A new study, however, might finally put the issue to rest. Research conducted by Mark Zawadsky, M.D., found that anterior (front) access is better for patients than a posterior (rear) approach, resulting in less pain and shorter hospitalizations. Patients whose hip replacement was approached from the front also needed fewer painkillers after surgery, were more likely to be discharged to their home (rather than a rehabilitation center) and less likely to need a walker during their recovery.
Zawadsky, an orthopaedic surgeon at MedStar Georgetown University Hospital (MGUH) in Washington, D.C., studied 150 of his patients using both a minimally invasive approach from the back and a direct frontal approach to replace defective hips. He presented his findings last month at the International Society for Technology in Arthroplasty Annual Congress.
Fifty-year-old Justin Kenney of Maryland was one of Zawadsky's study patients.

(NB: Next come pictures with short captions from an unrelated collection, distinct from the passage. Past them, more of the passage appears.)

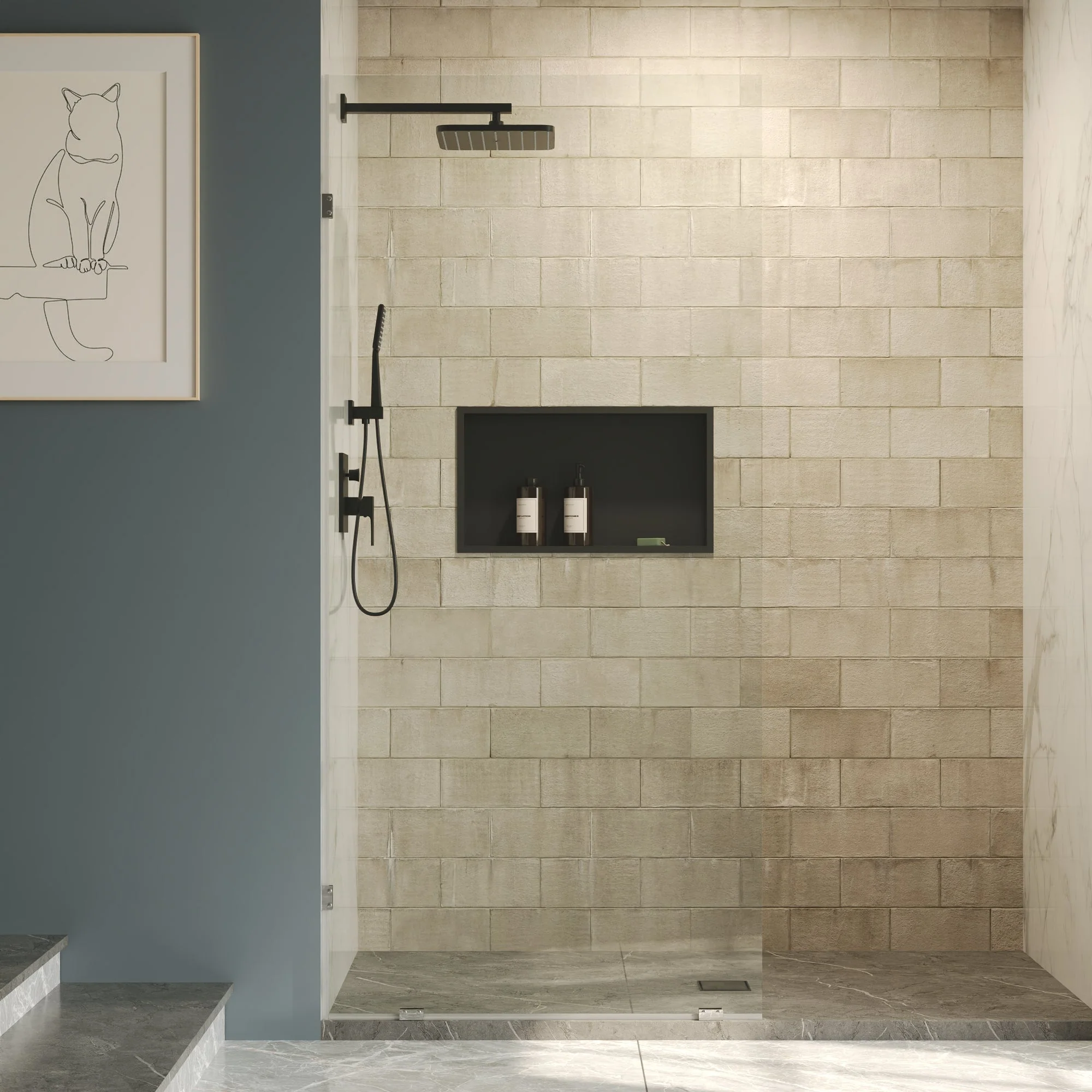 ALLY 32"x 78" Single Fixed Glass Panel for Shower, Thick Frameless Tempered Safety Glass Shower Door & Fixed Panel with Hardware - Image 13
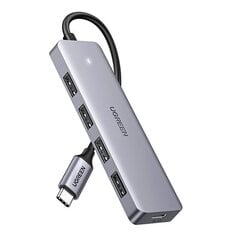 4in1 adapter UGREEN Hub USB-C to 4x USB 3.0 + USB-C (grey) цена и информация | Адаптеры и USB-hub | kaup24.ee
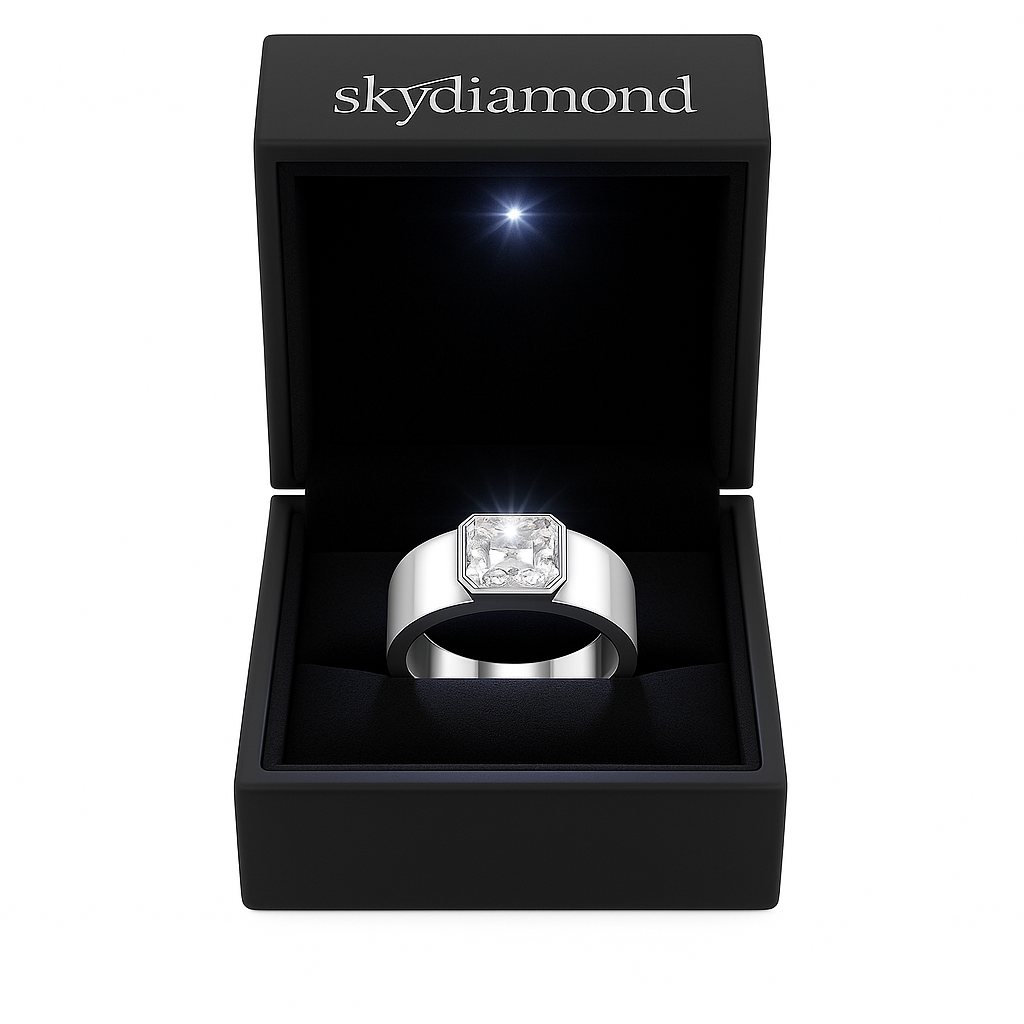 Luxury Ring mit 1.0 ct Sky Diamond – 925er Silber & 18K Gold, exklusives Design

"I have two children, age five and seven and I noticed it was getting more painful trying to keep up with them," said Kenney, who underwent hip replacement surgery in April. "I liked the idea that because he accessed my hip from the front, Dr. Zawadsky didn't need to cut through my muscle to get to my bad hip and put in a new hip. I left the hospital the next evening able to walk with the use of a cane and manage my pain. There is no question that my hip feels better now than it did before the surgery."
Anterior approaches to hip replacement procedures call for only a 10-12 centimeter incision at the front of the upper thigh, and they eliminate the need to detach muscle from the bone as required in posterior access.
"This means I don't have to repair muscles and the patient doesn't have to wait for a repair to heal," Zawadsky said. "There are no 'hip precautions,' like restricting movement that patients usually have to follow after hip surgery. And there isn't the pain associated with cutting through muscle. The posterior procedure goes through the gluteal muscles and that usually means a pretty painful recovery."
Zawadsky, medical director of MGUH's Bloodless Medicine Program, also applied bloodless medicine protocols in his procedures, so the anterior approach reduced his blood transfusion rates for hip replacement from 30 percent to 3 percent. "We pay attention to pre-operative anemia and treat it before surgery. We use anesthesia techniques and medication during surgery to lessen blood loss," he noted.
The Centers for Disease Control and Prevention (CDC) reports that one in four people will develop hip arthritis, also called hip osteoarthritis, within their lifetime. Hip replacement surgeries in nonfederal community hospitals rose from 304,700 in 2000 to more than 453,600 in 2010, according to the agency. In national costs, that translates to a growth in healthcare dollars spent from $4.5 billion in 2000 to $7.9 billion in 2010.
"In addition to a more rapid recovery for patients this anterior or frontal approach means a cost savings for the health care system overall," Zawadsky said. "Patients need fewer hours of physical therapy and are back to walking with no aid or just a cane much more quickly, functioning in society earlier and not out of work for as long. They can drive and be independent much sooner."
"I followed 'doctor's orders' to rest and took it easy for about four weeks after my surgery," Kenney said. "I did in-home physical therapy and slowly increased my walking from the end of the driveway to around the block. Six weeks later I was back in the pool, riding my bike and driving my car."
While the anterior approach might be better for patients, it's more difficult for surgeons to learn, Zawadsky noted.
"Performing the anterior approach is a technique that requires a learning curve for the surgeon," he said. "It's a difficult procedure to perform and it takes extensive training. I attended courses, had video training and observed experienced surgeons conduct this approach. This is a procedure where experience matters. The more you do the more routine it becomes and outcomes improve."